El hijo del señor alcalde - Gloria Losada




 
El hijo del señor Alcalde era muy guapo, pero también altanero y arrogante. Casi todas las muchachas del pueblo estaban locas por él. Muchas de ellas habían sido blanco fácil de sus burlas, o de sus engaños. Porque también era un pica flor y gustaba de ir con chicas inocentes y confiadas a las que robaba la virtud para luego mandar a paseo. Yo lo odiaba, lo despreciaba profundamente y él, tal vez alentado por mi indiferencia, me tiraba los tejos con frecuencia. Cuando se cansaba de mis negativas lo intentaba con otra y luego volvía a darme la tabarra, así una y otra vez. Cierto día incluso me acorraló contra una pared con la intención de robarme un beso, y a partir de ese momento planeé mi venganza.

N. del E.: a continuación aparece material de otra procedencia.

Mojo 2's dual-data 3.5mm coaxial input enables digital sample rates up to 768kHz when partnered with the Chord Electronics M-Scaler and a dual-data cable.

Mis padres tenían vacas y vendían la leche. El señor alcalde era uno de sus clientes. Precisamente por ser quién era, todas las tarde me tocaba a mi llenar la lechera y llevársela a casa, lo cual me cabreaba profundamente por dos motivos; uno porque los demás clientes eran ellos los que venían a buscar la leche, y otro porque no me apetecía en absoluto aguantar las tonterías de su hijo. Mas en aquella ocasión le di la vuelta a la tortilla e hice que tales circunstancias jugaran a mi favor.
Aquella tarde me puse mi mejor vestido y me maquillé ligeramente con las pinturas de mi madre, todo para que aquel imbécil me viera bien guapa y se le cayera la baba. Luego en lugar de una lechera llené dos y emprendí camino a la casa del señor Alcalde. Quiso la divina providencia de que a mitad de ruta me encontrara con su hijo. En cuanto le vi de lejos sonreí para mi misma, satisfecha. Comenzó a soltar su palabrería barata cuando estuvo cerca de mi y cuando estuvo a mi altura yo tropecé y derramé una de las lecheras sobre su inmaculado traje de lino. Al principio se quedó mudo, pero en seguida comenzó a soltar sapos y culebras por aquella boca, que si era una torpe, una idiota, que cómo le había puesto y bla, bla, bla. Le sonreí, lo que le cabreó aún más, y antes de seguir mi camino le dije:
-No he tropezado sin querer. Así que deja de decir babosadas y cuidadito conmigo. No me gustas, no quiero nada contigo y no te tengo miedo, así que déjame en paz. Yo no soy como las otras.
Continuó diciendo barbaridades pero no volvió a molestarme. Y a partir de aquel día me negué a llevarles la leche, que la vinieran a buscar ellos a casa. Se acabaron las privilegios.